─── The input
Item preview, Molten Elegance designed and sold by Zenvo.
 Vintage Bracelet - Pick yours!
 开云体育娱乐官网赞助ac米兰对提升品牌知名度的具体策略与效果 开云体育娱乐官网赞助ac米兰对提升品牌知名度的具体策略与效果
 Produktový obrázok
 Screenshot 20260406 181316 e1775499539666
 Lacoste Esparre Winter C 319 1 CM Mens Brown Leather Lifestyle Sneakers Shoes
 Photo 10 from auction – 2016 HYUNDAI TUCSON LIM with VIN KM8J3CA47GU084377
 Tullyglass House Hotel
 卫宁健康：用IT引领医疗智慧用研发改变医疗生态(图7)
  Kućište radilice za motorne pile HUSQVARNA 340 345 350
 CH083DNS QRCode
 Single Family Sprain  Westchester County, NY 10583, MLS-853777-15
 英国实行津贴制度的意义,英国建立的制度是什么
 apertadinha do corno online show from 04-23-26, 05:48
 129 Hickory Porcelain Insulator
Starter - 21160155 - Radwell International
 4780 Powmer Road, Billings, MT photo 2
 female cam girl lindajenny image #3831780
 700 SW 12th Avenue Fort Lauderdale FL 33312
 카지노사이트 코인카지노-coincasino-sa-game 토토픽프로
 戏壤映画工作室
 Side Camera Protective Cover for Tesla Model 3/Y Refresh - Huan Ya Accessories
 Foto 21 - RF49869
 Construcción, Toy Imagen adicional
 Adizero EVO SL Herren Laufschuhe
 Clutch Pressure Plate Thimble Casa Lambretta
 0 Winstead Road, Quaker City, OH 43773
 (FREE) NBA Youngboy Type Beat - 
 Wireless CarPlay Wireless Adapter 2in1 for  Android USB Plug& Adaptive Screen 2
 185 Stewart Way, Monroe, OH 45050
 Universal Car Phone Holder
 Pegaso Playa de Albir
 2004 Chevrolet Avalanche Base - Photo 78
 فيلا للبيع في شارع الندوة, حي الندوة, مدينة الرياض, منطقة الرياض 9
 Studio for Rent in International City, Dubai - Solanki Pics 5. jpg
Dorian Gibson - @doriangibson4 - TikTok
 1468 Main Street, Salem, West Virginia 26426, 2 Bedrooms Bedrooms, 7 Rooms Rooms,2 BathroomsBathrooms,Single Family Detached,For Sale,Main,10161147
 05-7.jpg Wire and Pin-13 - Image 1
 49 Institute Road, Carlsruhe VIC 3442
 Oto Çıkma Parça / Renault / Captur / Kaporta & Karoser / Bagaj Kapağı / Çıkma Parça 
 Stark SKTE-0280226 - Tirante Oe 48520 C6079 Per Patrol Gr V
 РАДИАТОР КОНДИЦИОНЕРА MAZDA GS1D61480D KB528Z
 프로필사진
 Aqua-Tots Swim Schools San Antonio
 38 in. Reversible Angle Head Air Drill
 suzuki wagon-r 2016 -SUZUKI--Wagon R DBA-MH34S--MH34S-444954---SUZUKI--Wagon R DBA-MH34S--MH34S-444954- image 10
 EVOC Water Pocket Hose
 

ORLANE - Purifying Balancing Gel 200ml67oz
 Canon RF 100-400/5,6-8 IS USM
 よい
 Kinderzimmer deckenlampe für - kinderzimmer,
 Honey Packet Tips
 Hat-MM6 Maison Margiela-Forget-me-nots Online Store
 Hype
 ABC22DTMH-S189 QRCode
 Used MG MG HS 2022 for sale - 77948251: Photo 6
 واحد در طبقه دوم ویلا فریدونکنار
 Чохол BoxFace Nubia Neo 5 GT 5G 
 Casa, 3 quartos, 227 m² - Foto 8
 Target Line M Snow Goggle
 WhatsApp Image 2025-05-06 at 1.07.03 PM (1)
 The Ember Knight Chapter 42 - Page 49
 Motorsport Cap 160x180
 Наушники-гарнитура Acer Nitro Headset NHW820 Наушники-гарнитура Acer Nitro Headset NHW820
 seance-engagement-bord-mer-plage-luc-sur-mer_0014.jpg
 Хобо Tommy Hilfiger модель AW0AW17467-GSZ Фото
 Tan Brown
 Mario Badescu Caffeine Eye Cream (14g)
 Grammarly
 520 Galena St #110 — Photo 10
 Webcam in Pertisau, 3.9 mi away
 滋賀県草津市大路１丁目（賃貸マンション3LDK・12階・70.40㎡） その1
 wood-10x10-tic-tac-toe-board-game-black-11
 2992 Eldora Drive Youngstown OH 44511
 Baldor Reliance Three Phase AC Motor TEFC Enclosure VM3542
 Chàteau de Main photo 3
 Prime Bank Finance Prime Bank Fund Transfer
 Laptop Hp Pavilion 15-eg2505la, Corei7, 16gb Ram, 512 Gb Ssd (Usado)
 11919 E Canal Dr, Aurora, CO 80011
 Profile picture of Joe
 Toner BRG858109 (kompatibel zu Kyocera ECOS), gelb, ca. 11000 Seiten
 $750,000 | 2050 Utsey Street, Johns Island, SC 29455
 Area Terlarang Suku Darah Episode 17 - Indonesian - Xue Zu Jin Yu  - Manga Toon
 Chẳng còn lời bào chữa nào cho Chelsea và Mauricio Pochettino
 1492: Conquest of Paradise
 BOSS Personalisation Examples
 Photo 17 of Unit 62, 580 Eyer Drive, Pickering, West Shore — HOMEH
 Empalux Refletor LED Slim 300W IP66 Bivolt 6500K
──────
> What you are asked to do
A word-for-word copy of the entries, from the first line through the line containing "英国实行津贴制度的意义,英国建立的制度是什么", is the whole answer.

> Response box
Item preview, Molten Elegance designed and sold by Zenvo.
 Vintage Bracelet - Pick yours!
 开云体育娱乐官网赞助ac米兰对提升品牌知名度的具体策略与效果 开云体育娱乐官网赞助ac米兰对提升品牌知名度的具体策略与效果
 Produktový obrázok
 Screenshot 20260406 181316 e1775499539666
 Lacoste Esparre Winter C 319 1 CM Mens Brown Leather Lifestyle Sneakers Shoes
 Photo 10 from auction – 2016 HYUNDAI TUCSON LIM with VIN KM8J3CA47GU084377
 Tullyglass House Hotel
 卫宁健康：用IT引领医疗智慧用研发改变医疗生态(图7)
  Kućište radilice za motorne pile HUSQVARNA 340 345 350
 CH083DNS QRCode
 Single Family Sprain  Westchester County, NY 10583, MLS-853777-15
 英国实行津贴制度的意义,英国建立的制度是什么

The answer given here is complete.